▶ REQUIREMENT: Skip the pictures. Transcribe exactly the lines from the line containing "Lampa solarna Kinkiet" to the end of the listing.

▶ MATERIAL PROVIDED:

Content starts

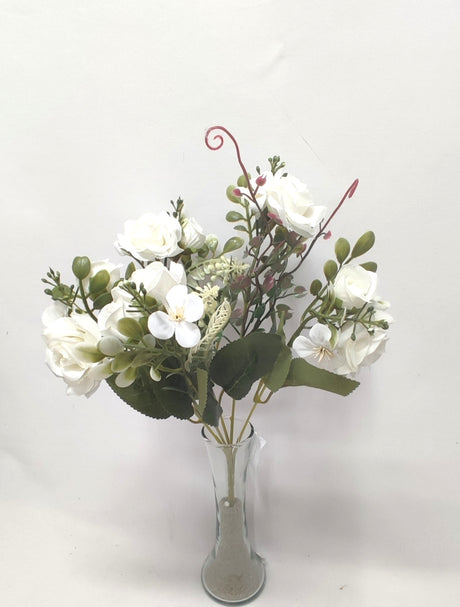 imagine produs Buchet trandafiri x5 33cm alb
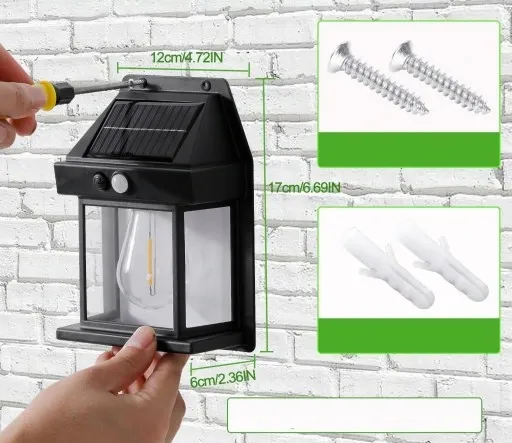 Lampa solarna Kinkiet ścienny z czujnikiem ruchu i zmierzchu 2 kolory zdjęcie 8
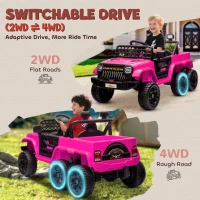 Qaba 12V 4WD/2WD Kids Electric Car w/ Remote Control, Spring Suspension, Back Trailer, Light, Music, Soft Start, Pink(m-4)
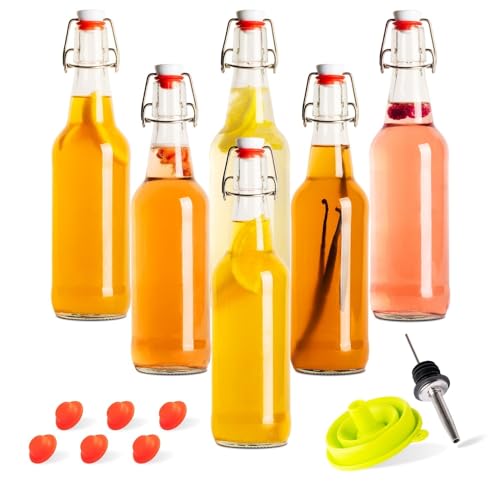 Swing Top Glass Bottles 16 oz 6 Set with Funnel Q9859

Content ends

▶ ANSWER TO THIS PROBLEM:
 Lampa solarna Kinkiet ścienny z czujnikiem ruchu i zmierzchu 2 kolory zdjęcie 8
 Qaba 12V 4WD/2WD Kids Electric Car w/ Remote Control, Spring Suspension, Back Trailer, Light, Music, Soft Start, Pink(m-4)
 Swing Top Glass Bottles 16 oz 6 Set with Funnel Q9859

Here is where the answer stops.